▶ **EXERCISE OBJECTIVE**: Write out word for word each line from the one containing "SiC MOSFET<b class='flag-5'>柵極</b>漏<b" through the close of the listing, including both ends. Pictures do not belong in the copy.

= = = =

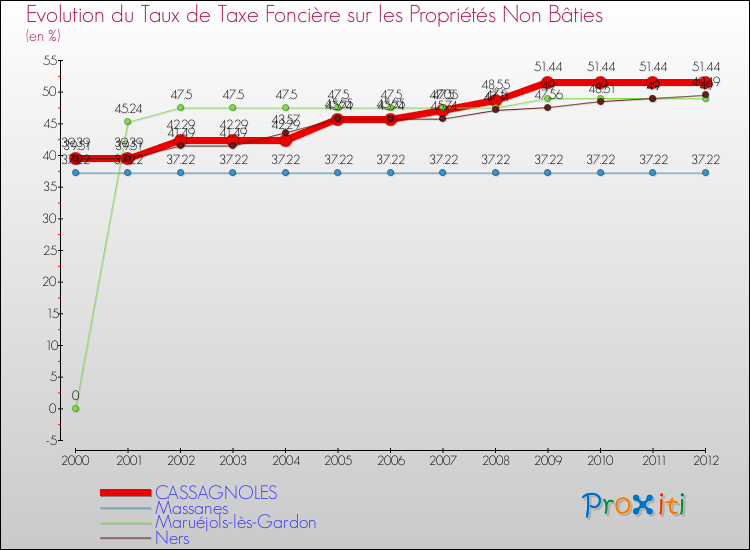 Evolution du taux de la taxe foncière sur les immeubles et terrains non batis pour CASSAGNOLES et les communes proches de 2000 à 2012 Comparaison des taux de la taxe foncière sur les immeubles et terrains non batis pour CASSAGNOLES et les communes voisines de 2000 à 2012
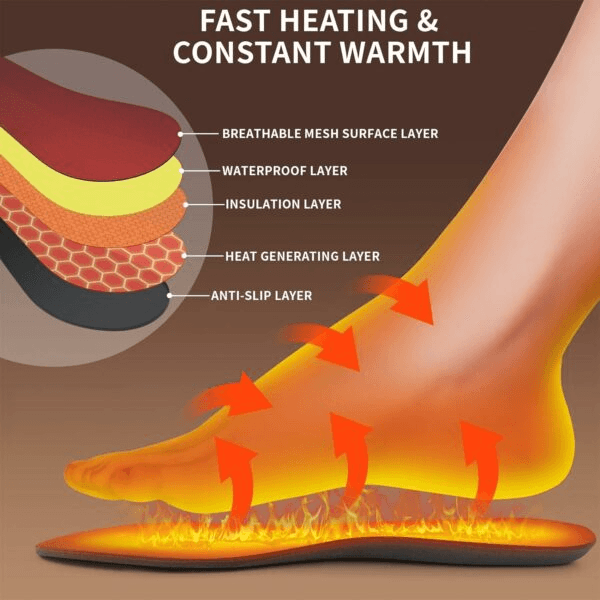 USB Rechargeable Heated Insoles Customizable Electric Heated Shoe Pads for Winter Skiing, Hiking Outdoor Foot Warmers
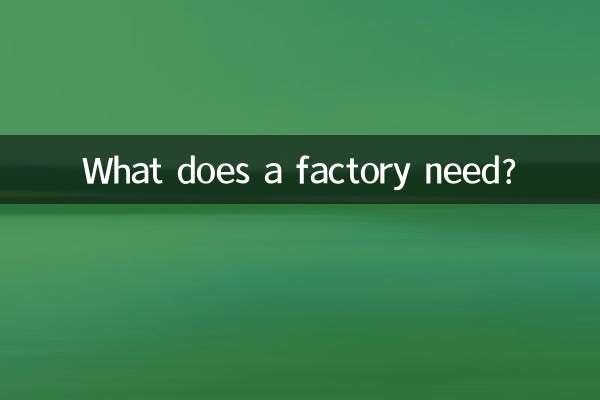 What does a factory need?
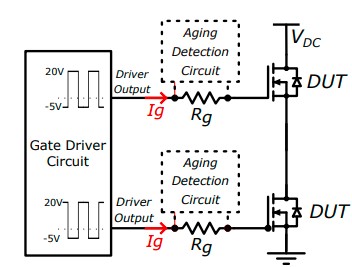 SiC MOSFET<b class='flag-5'>柵極</b>漏<b class='flag-5'>電流</b>估計(jì)的原位方法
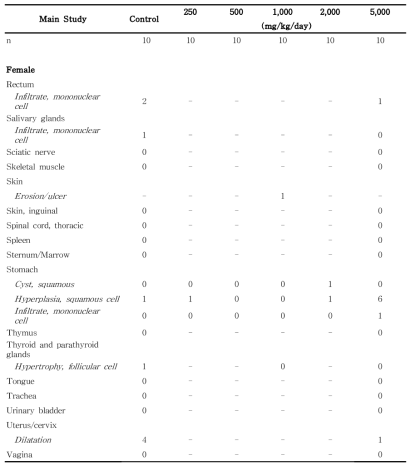 Histopathological findings for female rats in the 13-week gavage study (Main study) of 세신 열수추출물 (continued)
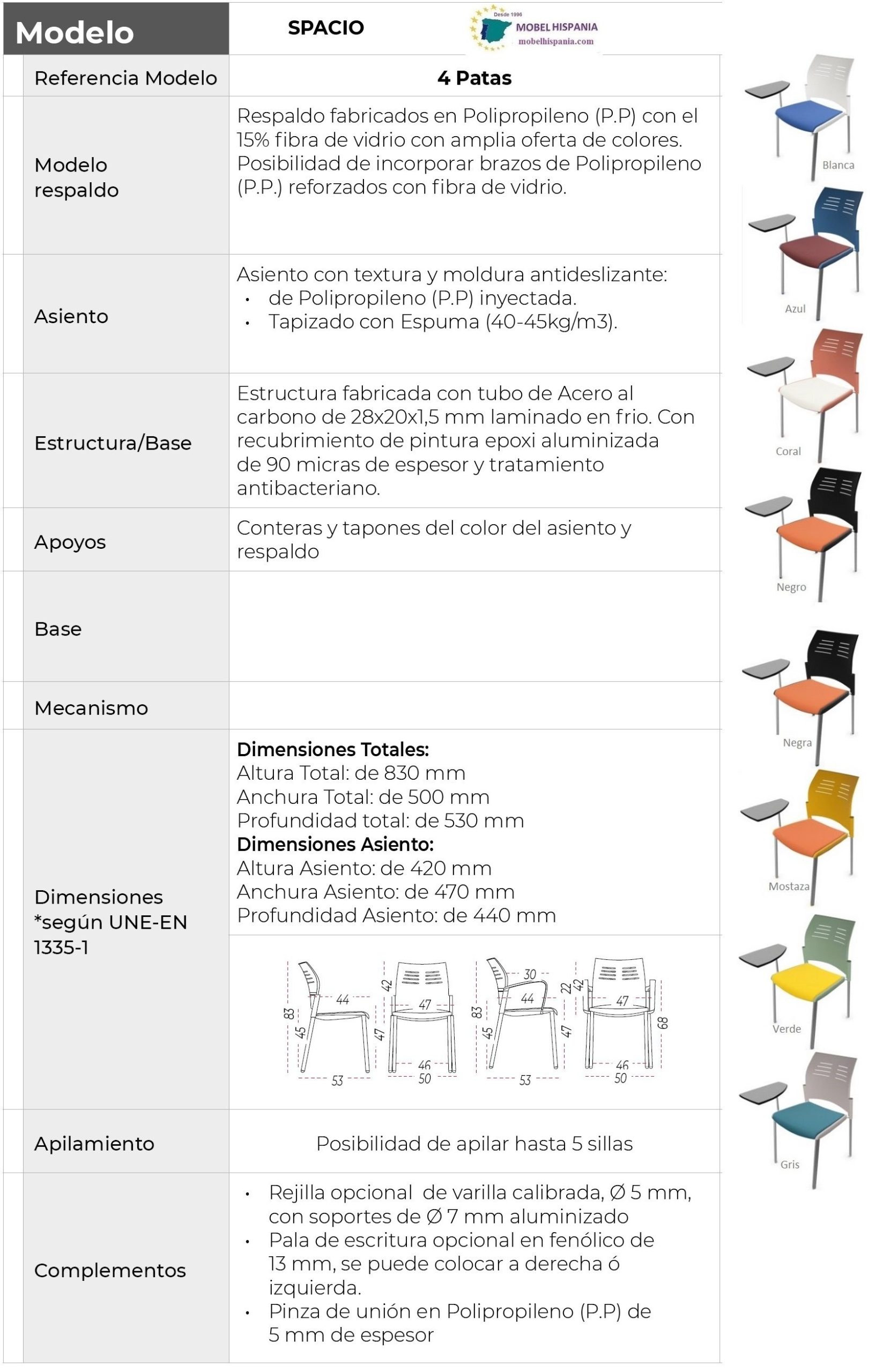 spacio tapizada pala fenolica 4 13 1 scaled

= = = =

▶ **SOLUTION**:
 SiC MOSFET<b class='flag-5'>柵極</b>漏<b class='flag-5'>電流</b>估計(jì)的原位方法
 Histopathological findings for female rats in the 13-week gavage study (Main study) of 세신 열수추출물 (continued)
 spacio tapizada pala fenolica 4 13 1 scaled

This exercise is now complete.